DATA FOR THIS TASK: Begin
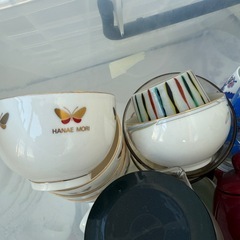 コップセット
の画像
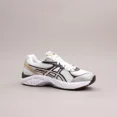 thumbnail image 5 of Asics Sportstyle GT-2160 Cream Pure Silver New Men Shoes Running 1203A320-100, 5 of 5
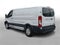 2023 Ford Transit Cargo Van GRAY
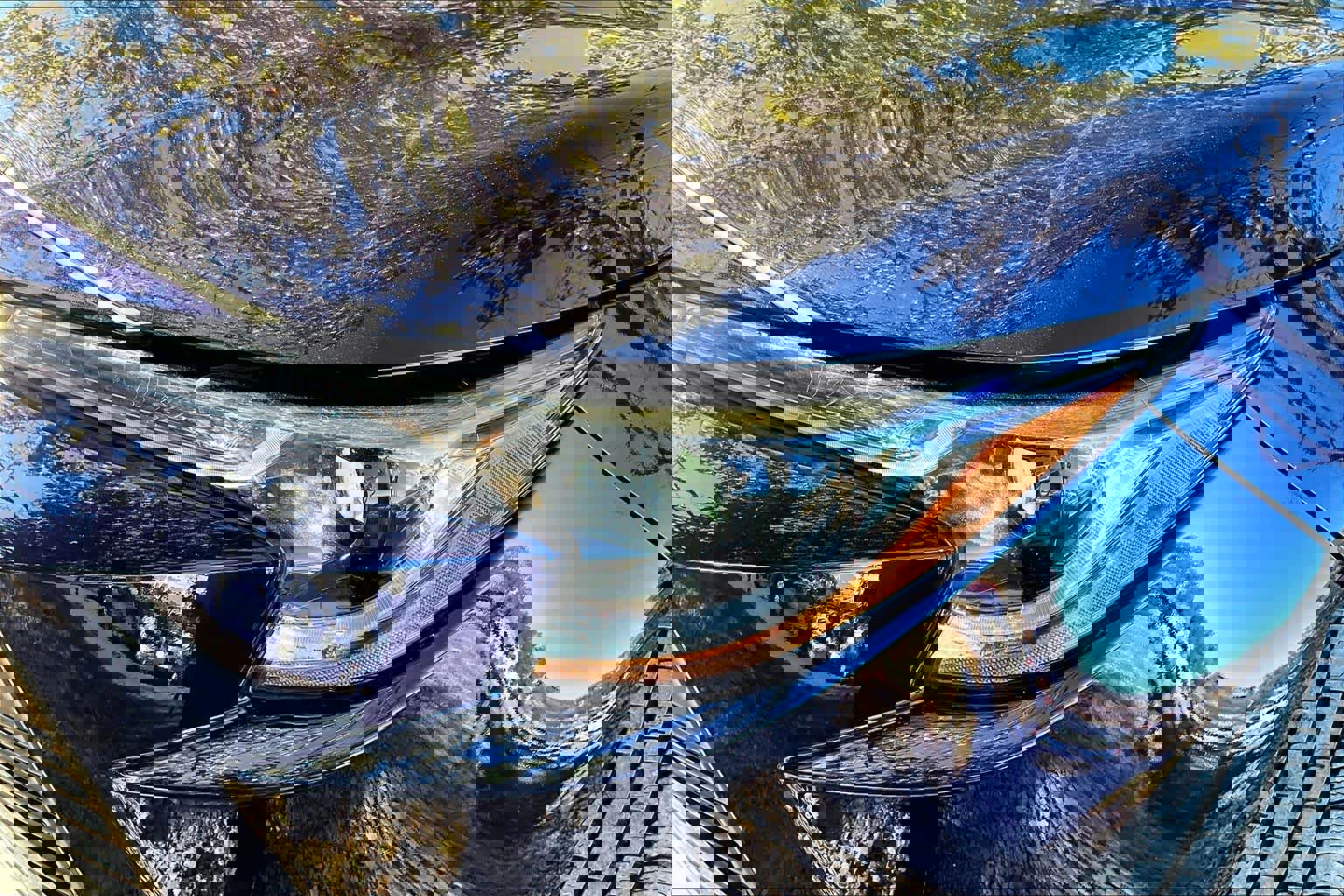 Used 2023 Toyota Corolla LE image 27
DATA FOR THIS TASK: End
• **WHAT TO WORK ON**: Beginning at the line that contains "thumbnail image 5", give the remaining lines of the records again exactly, through the last one. Leave out pictures.

• **EXPECTED OUTPUT**:
 thumbnail image 5 of Asics Sportstyle GT-2160 Cream Pure Silver New Men Shoes Running 1203A320-100, 5 of 5
 2023 Ford Transit Cargo Van GRAY
 Used 2023 Toyota Corolla LE image 27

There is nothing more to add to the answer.